Diferencias entre Psicología evolutiva y Psicología evolucionista
Explicamos las diferencias entre
ambos enfoques.
Por los
pasillos de las facultades de Psicología de España y Latinoamérica pueden
verse, cada día entre semana, una serie de personas que deambulan totalmente
desorientadas por corredores y aulas. Son en su mayoría estudiantes jóvenes,
pero hay algo en su mirada que no tiene nada que ver con la expresión de
autosuficiencia y bravura que cabría esperarse centelleando en el rostro de
cualquier veinteañero.
¿Cuál es
el motivo de esta especie de tensión interior? Muy sencillo: sus
conocimientos sobre la psicología están cimentados en algo que está
esencialmente MAL; de ahí que haya ciertas ideas y conceptos que no logran
entender por mucho que se esfuercen. Hay algo que se les escapa. Y es que estos
pobres diablos aún no saben que la Psicología evolucionista y
la Psicología evolutiva no son lo mismo.
Menos mal
que tarde o temprano siempre llega un salvífico profesor o profesora que
termina aclarando estos conceptos en la que será una de las lecciones breves a
las que más provecho se le sacará durante la carrera. Sin embargo, la
diferencia entre la Psicología evolutiva y la evolucionista es mejor conocerla
cuanto antes mejor (y preferiblemente antes de suspender algún examen por
ignorarla), ya que las dos se ocupan de cosas totalmente distintas y, de hecho,
no está claro que la Psicología evolucionista sea una rama de la psicología en
sí.
Para
entender bien la relación entre ambas, es bueno ahondar un poco en un
concepto a la que apelan las dos: la evolución.
Dos tipos básicos de evolución
El
concepto de "evolución" es lo suficientemente abstracto como para
poder ser utilizado para explicar una gran variedad de procesos, pero
básicamente define un desarrollo a través del cual se van sucediendo de
manera más o menos gradual diferentes cambios. En los campos de estudio de la
Psicología, sin embargo, la evolución suele hacer referencia a dos procesos
esencialmente distintos: los cambios que se producen en el desarrollo de un
organismo y los cambios que se producen en la forma y el comportamiento de las
especies, de generación en generación.
Filogenia y ontogenia
Cuando
hablamos del primer tipo de evolución, el que se refiere a los organismos
individuales que se desarrollan desde su forma de zigoto hasta llegar a la
senectud, hablamos de ontogenia, mientras que cuando hablamos de procesos
de cambio entre generaciones y especies que se van sucediendo las unas a las
otras, hablamos de su filogenia.
La idea
básica que sirve para distinguir la Psicología evolucionista de la evolutiva es
la siguiente: la Psicología evolutiva estudia la psicología del ser humano
en lo relativo a su desarrollo ontogenético, mientras que la Psicología evolucionista
estudia el comportamiento humano a la luz de la evolución de las especies, es
decir, a la luz de su desarrollo filogenético.
El objeto
de estudio de la Psicología evolutiva son los patrones de comportamiento y de
subjetivación que se asocian a cada fase del crecimiento de un ser humano,
mientras que la Psicología Evolucionista, más que ofrecer un campo de
estudio, propone un enfoque basado en lo que se sabe de la historia
evolutiva de las poblaciones de las que procede su linaje para obtener
hipótesis acerca de cómo se comportan las personas.
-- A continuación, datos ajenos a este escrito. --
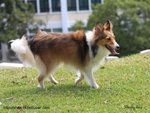 IMG_0255z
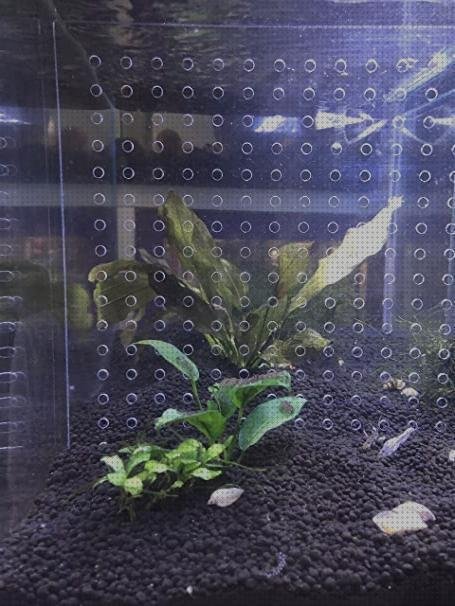 Los mejores 10 Acuario Division Con Vidrio De Plástico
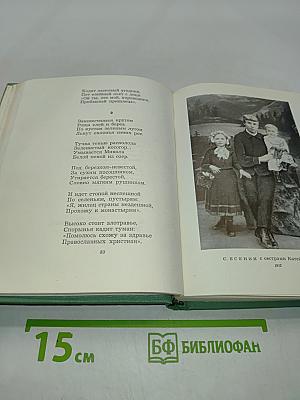 Собрание сочинений в пяти томах. Том первый. Стихотворения и поэмы (1910-октябрь 1917)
¿De dónde viene la confusión?
Se trata
de un problema que tiene que ver con la traducción al castellano de palabras
utilizadas en el entorno académico dominante, que utiliza el inglés. Lo que hoy
conocemos como Psicología evolutiva fue llamado originariamente developmental
psychology, lo cual hace que en este idioma prácticamente no exista
confusión.
Sin embargo, cuando los primeros
investigadores empezaron a hablar sobre evolutionary psychology, en
castellano ya existía un término muy parecido para designar a la anterior rama
de la psicología. De ahí que en España y en Latinoamérica se utilice la palabra
"evolucionista", para distinguirla de la evolutiva sin renunciar a su
significado básico, que está relacionado a un proceso de cambio.